Check_http random socket timeout

HExSM · August 4, 2021, 10:14am

I monitor some websites with the check_http plugin. This works quite well so far. However, I get a critical alarm at irregular intervals: CRITICAL - Socket timeout after 10 seconds.

I have looked at the access logs on the web server and cannot find any entries for the time when the alarm was triggered.

Therefore, I assume that there is already a problem on the monitoring server, which means that no request can be sent to the website.

How could I debug this?

Icinga is running on an Ubuntu 20.04 server in version v2.12.5-1. The configuration was done with the Icinga Director.

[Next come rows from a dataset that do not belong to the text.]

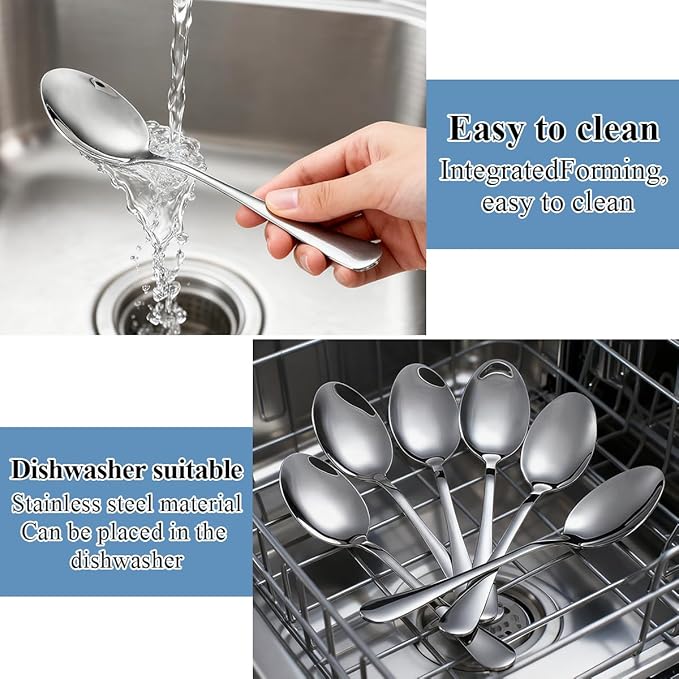 Berglander Dinner Spoons Set 24pcs, 7.36" Food Grade Stainless Steel Silverware Soup Spoon Tablespoon for Home, Kitchen or Restaurant Mirror Polished, Dishwasher Safe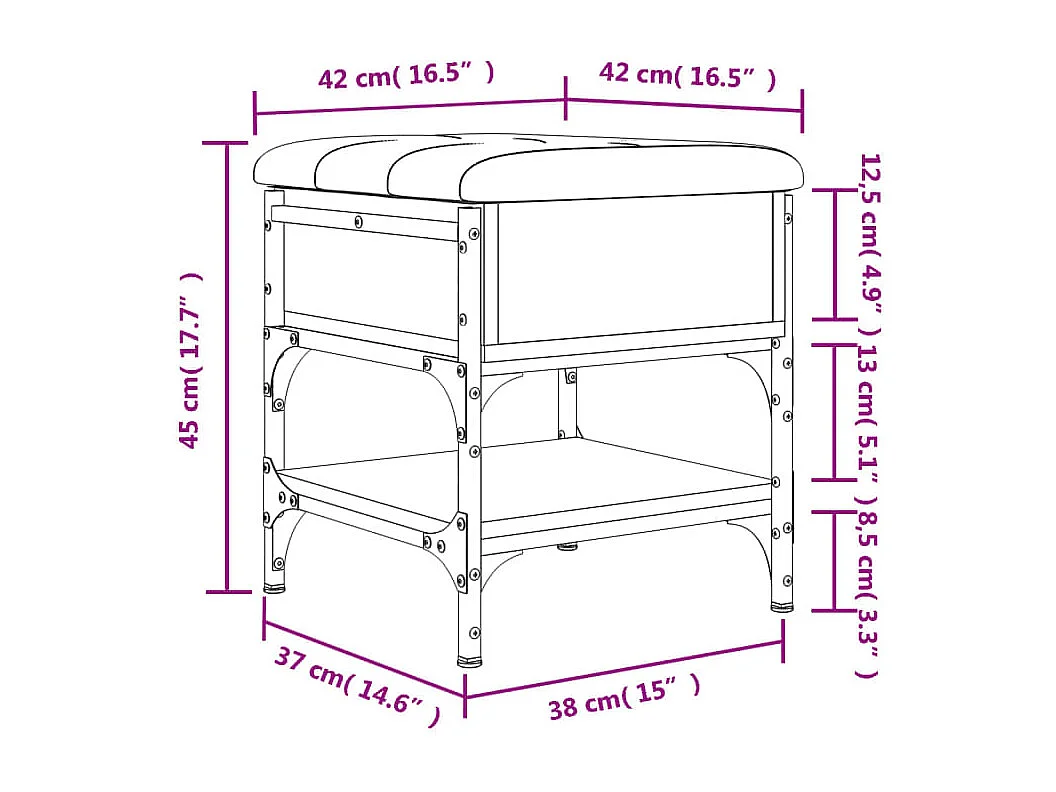 Schuhbank Braun Eichen-Optik 42x42x45 cm Holzwerkstoff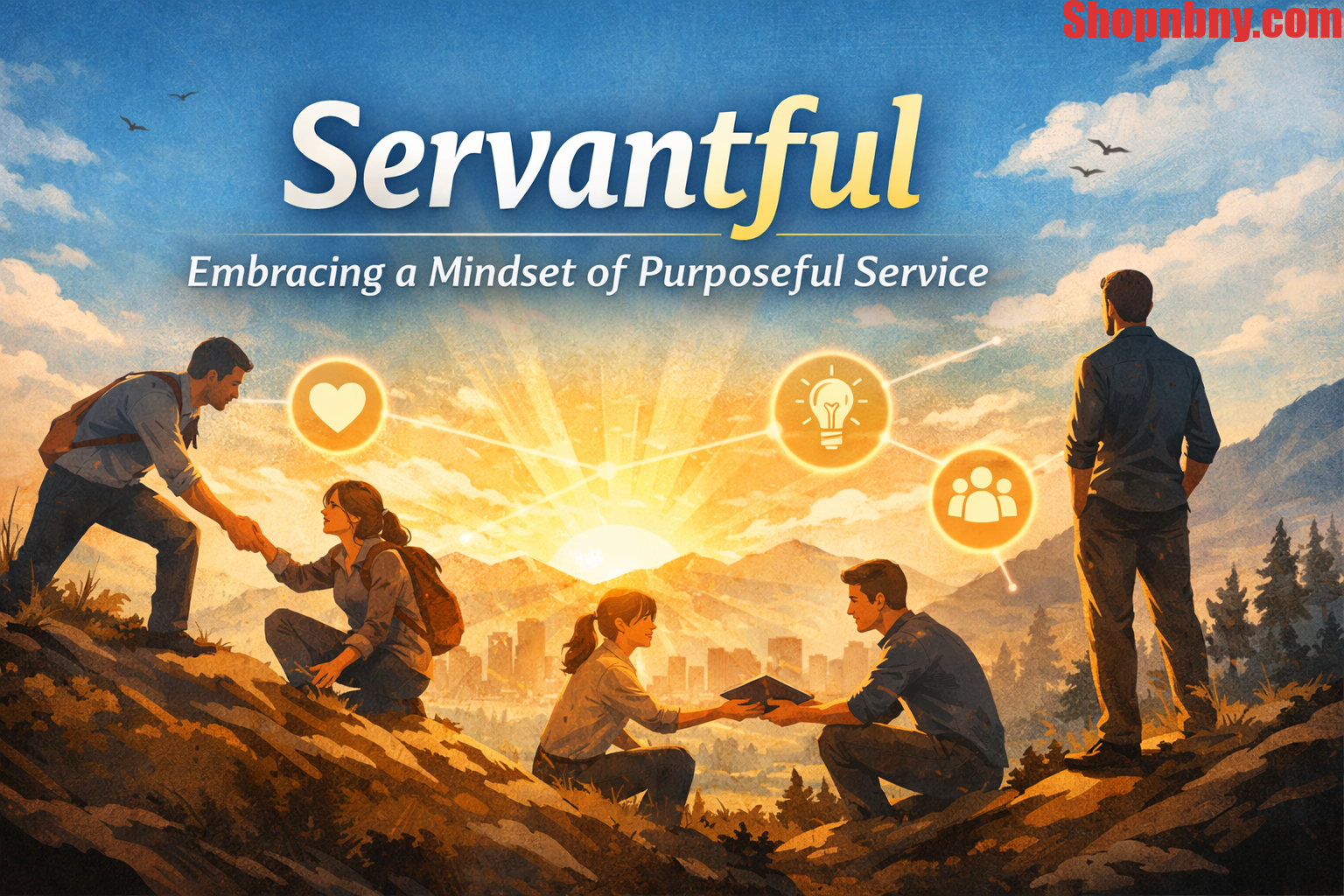 Illustration of a servantful leader supporting a team with empathy, collaboration, and guidance.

The service configuration looks like:

template Service "_default" {
    max_check_attempts = "3"
    check_interval = 1m
    retry_interval = 30s
    check_timeout = 30s
    enable_notifications = true
    enable_active_checks = true
    enable_passive_checks = true
    enable_event_handler = false
    enable_flapping = false
    enable_perfdata = true
}

template Service "http" {
    import "_default"

    check_command = "http"
    vars.http_critical_time = "5"
    vars.http_ignore_body = true
    vars.http_onredirect = "follow"
    vars.http_ssl = true
    vars.http_vhost = "$host.address$"
    vars.http_warn_time = "2"
}

Thank you in advance!

rsx · August 4, 2021, 10:29am

You can enable debug log to get more details. And you can manually run the plugin with adding --verbose.

Pooh · August 4, 2021, 10:38am

It would be useful to know a bit more about your Icinga network.

Do you have:

a) just a single Icinga server performing all monitoring checks?

b) a Master with one or more Agents?

c) a Master with one or more Satellites, and one or more Agents?

Finally, out of the above descriptions, which Icinga server is performing the
http service check on your web server?

Thanks,

Antony.

HExSM · August 4, 2021, 11:15am

I have 1 Icinga master which performans the monitoring checks for systems, where it’s not possible to install the Icinga Agent, like websites, printer, switches etc… On the servers (16) the Icinga Agent is running.

The http service check is running on the Icinga master.

Best regards
Stefan

HExSM · August 4, 2021, 11:16am

Thank you! I will try the debug log functionality.

Best regards
Stefan

HExSM · August 4, 2021, 1:17pm

Here is an excerpt from the debug.log:

[2021-08-04 14:41:28 +0200] notice/Process: PID 584506 ('/usr/lib/nagios/plugins/check_http' '--no-body' '-H' 'www.mydomain.tld' '-I' 'www.mydomain.tld' '-S' '-c' '5' '-f' 'follow' '-w' '2') terminated with exit code 2
[2021-08-04 14:41:28 +0200] notice/Dependency: Dependency 'mydomain.tld!internet-connection' passed: Parent host '_internet-connection' matches state filter.
[2021-08-04 14:41:28 +0200] notice/Dependency: Dependency 'mydomain.tld!http!host' passed: Parent host 'mydomain.tld' matches state filter.
[2021-08-04 14:41:28 +0200] notice/Dependency: Dependency 'mydomain.tld!internet-connection' passed: Parent host '_internet-connection' matches state filter.
[2021-08-04 14:41:28 +0200] notice/Dependency: Dependency 'mydomain.tld!http!host' passed: Parent host 'mydomain.tld' matches state filter.
[2021-08-04 14:41:28 +0200] debug/Checkable: Update checkable 'mydomain.tld!http' with check interval '60' from last check time at 2021-08-04 14:41:28 +0200 (1.62808e+09) to next check time at 2021-08-04 14:41:56 +0200 (1.62808e+
09).
[2021-08-04 14:41:28 +0200] notice/ApiListener: Relaying 'event::SetNextCheck' message
[2021-08-04 14:41:28 +0200] notice/Checkable: State Change: Checkable 'mydomain.tld!http' soft state change from OK to CRITICAL detected.
[2021-08-04 14:41:28 +0200] notice/ApiListener: Relaying 'event::CheckResult' message

Unfortunately, that doesn’t help me either.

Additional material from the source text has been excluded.